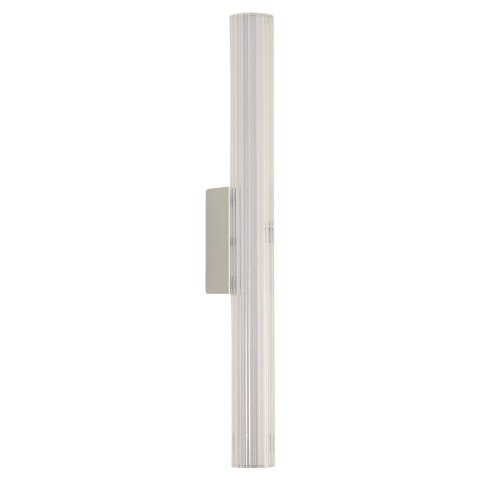 Light Prestige Kinkiet Linea 45 cm chrom LED CCT
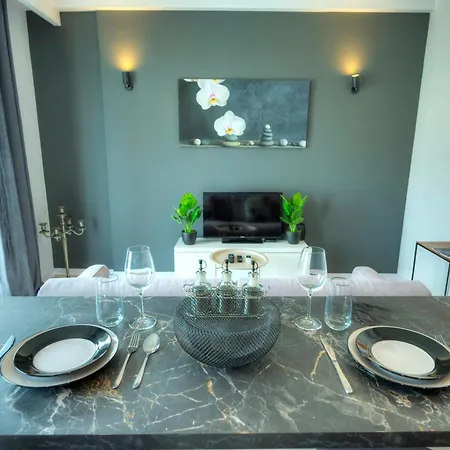 Apartament Luxury Penthouse With Sun Terrace & Jacuzzi Rjor1-1 Gzira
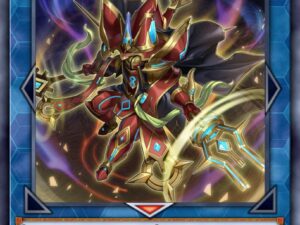 Crusadia Magius (2019 Gold Sarcophagus Tin Mega Pack) [1st Edition]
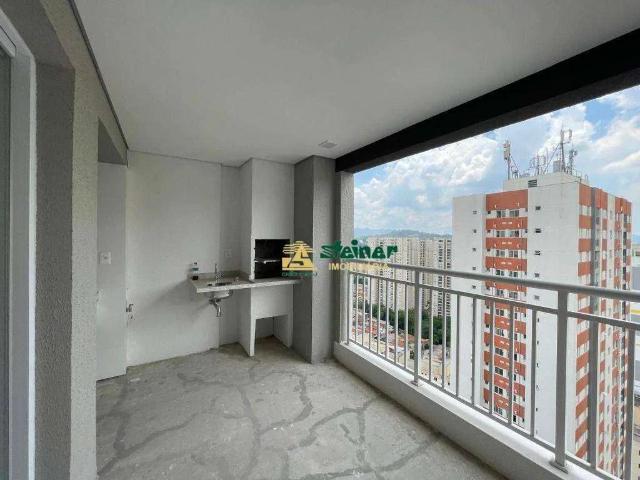 Apartamento para Venda em Guarulhos/SP Vila Antonieta 1 Quartos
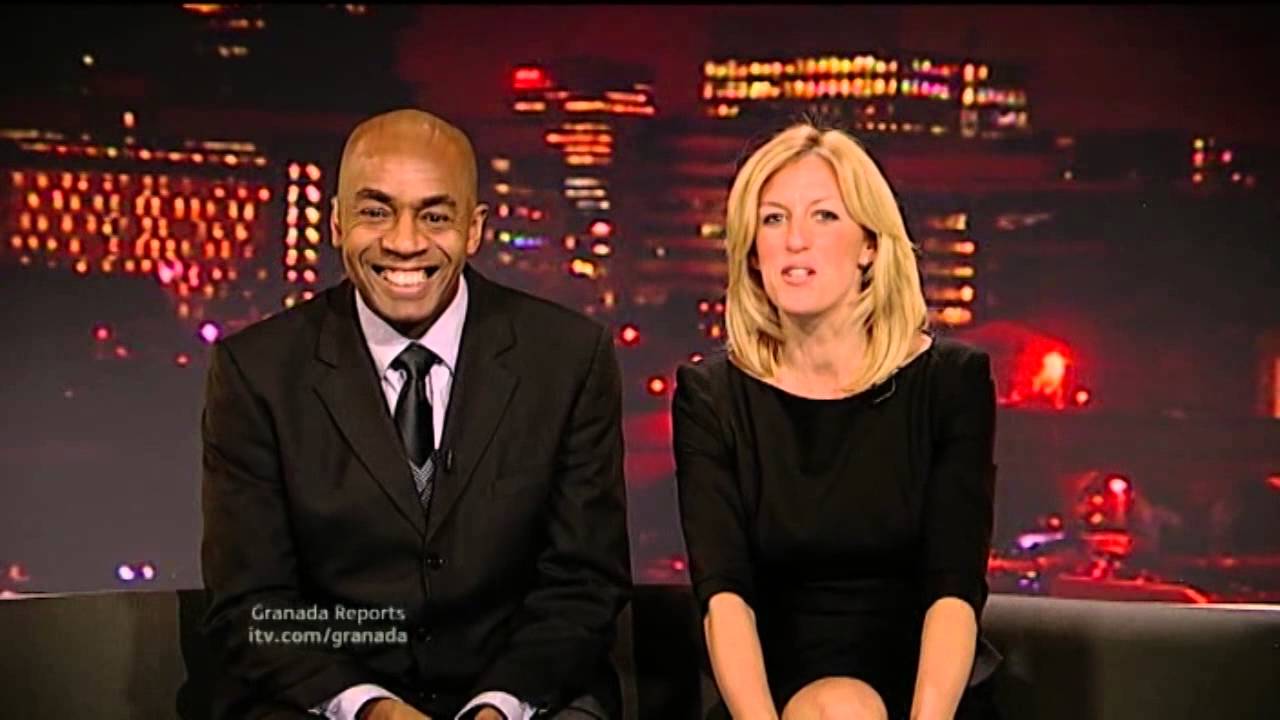 Granada Reports Feature on #piface and #raspberrypi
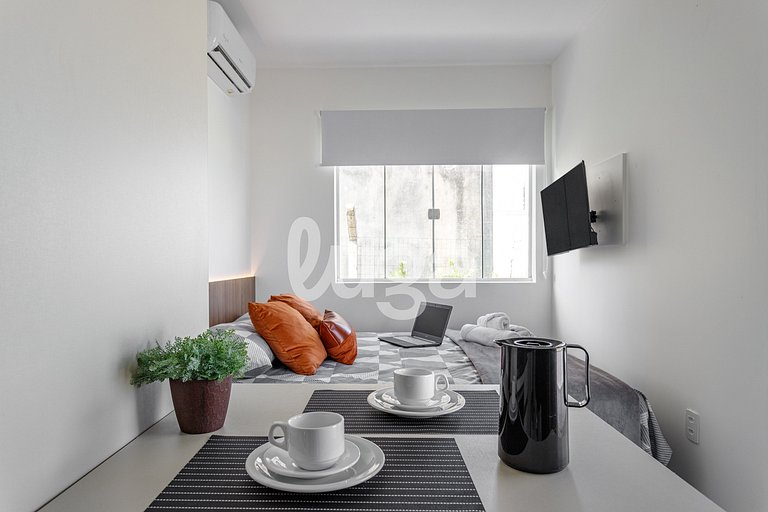 Luga Container Experience in Praia da Pinheira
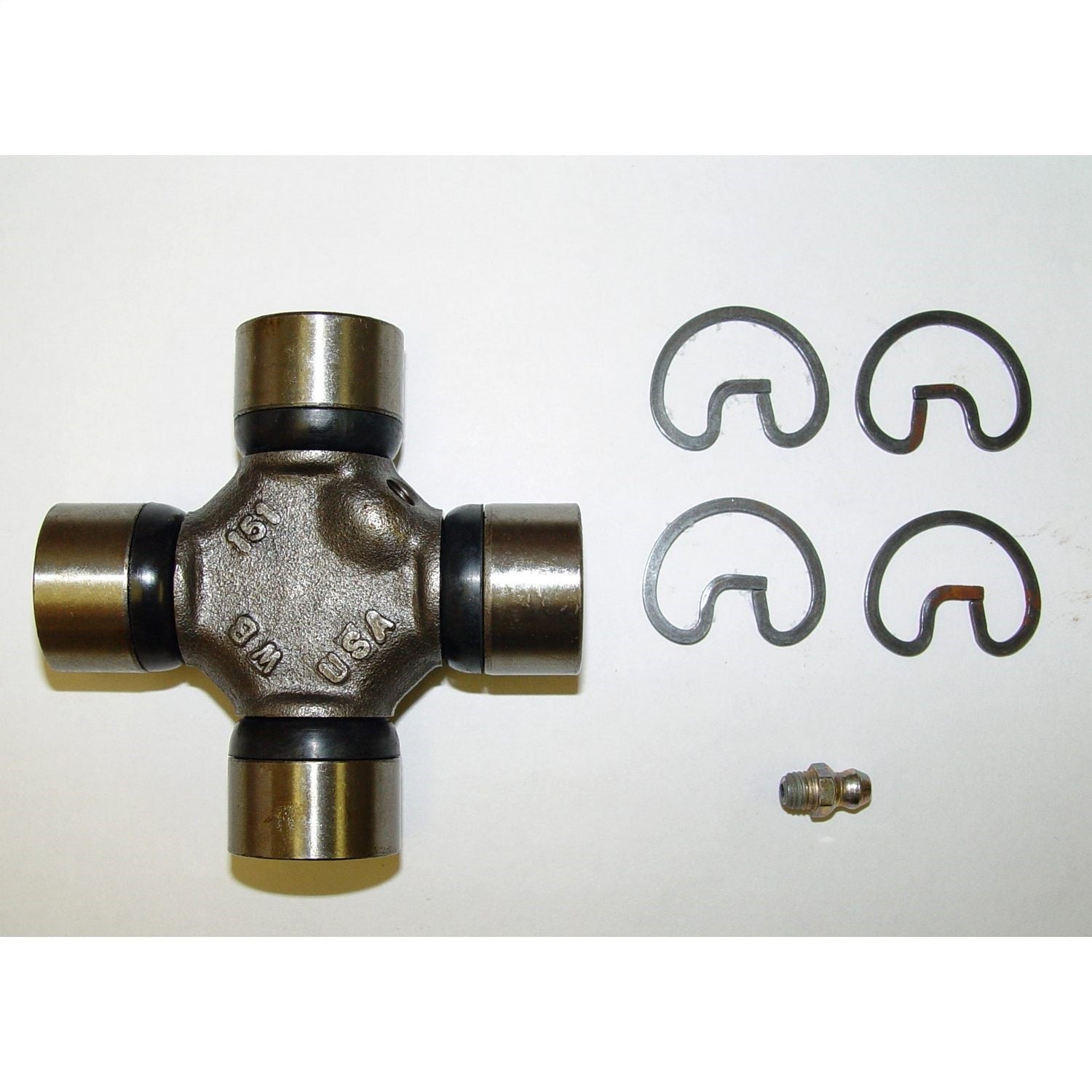 Omix 16585.01 U-Joint; 1310 Series; Omix 16585.01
....
[EXERCISE DESCRIPTION] The data is to be printed again exactly, but without its pictures.

[TASK RESULT]
 Light Prestige Kinkiet Linea 45 cm chrom LED CCT
 Apartament Luxury Penthouse With Sun Terrace & Jacuzzi Rjor1-1 Gzira
 Crusadia Magius (2019 Gold Sarcophagus Tin Mega Pack) [1st Edition]
 Apartamento para Venda em Guarulhos/SP Vila Antonieta 1 Quartos
 Granada Reports Feature on #piface and #raspberrypi
 Luga Container Experience in Praia da Pinheira
 Omix 16585.01 U-Joint; 1310 Series; Omix 16585.01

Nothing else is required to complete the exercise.